Various aspects of the present disclosure may pertain to various forms of neural network batch processing from custom hardware architectures to multi-processor software implementations, and parallel control of multiple job streams.
Due to recent optimizations, neural networks may be favored as a solution for adaptive learning-based recognition systems. They may currently be used in many applications, including, for example, intelligent web browsers, drug searching, and voice and face recognition.
Fully-connected neural networks may consist of a plurality of nodes, where each node may process the same plurality of input values and produce an output, according to some function of its input values. The functions may be non-linear, and the input values may be either primary inputs or outputs from internal nodes. Many current applications may use partially- or fully-connected neural networks, e.g., as shown in
Multi-processor systems or array processor systems, such as Graphic Processing Units (GPUs), may perform the neural network computations on one input pattern at a time. This approach may require large amounts of fast memory to hold the large number of weights necessary to perform the computations. Alternatively, in a “batch” mode, many input patterns may be processed in parallel on the same neural network, thereby allowing the weights to be used across many input patterns. Typically, batch mode may be used when learning, which may require iterative perturbation of the neural network and corresponding iterative application of large sets of input patterns to the perturbed neural network. Skeirik, in U.S. Pat. No. 5,826,249, granted Oct. 20, 1998, describes batching groups of input patterns derived from historical time-stamped data.

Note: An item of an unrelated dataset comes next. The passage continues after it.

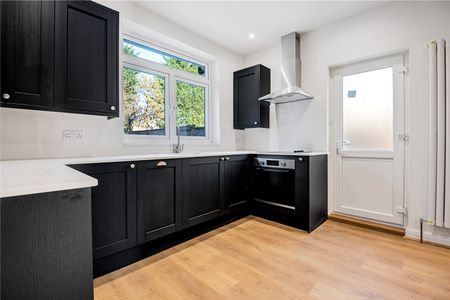 Meadway, Barnet - Photo 5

Recent systems, such as internet recognition systems, may be applying the same neural network to large numbers of user input patterns. Even in batch mode, this may be a time-consuming process with unacceptable response times. Hence, it may be desirable to have a form of efficient real-time batch mode, not presently available for normal pattern recognition.
Various aspects of the present disclosure may include hardware-assisted iterative partial processing of multiple pattern recognitions, or jobs, in parallel, where the weights associated with the pattern inputs, which are in common with all the jobs, may be streamed into the parallel processors from external memory.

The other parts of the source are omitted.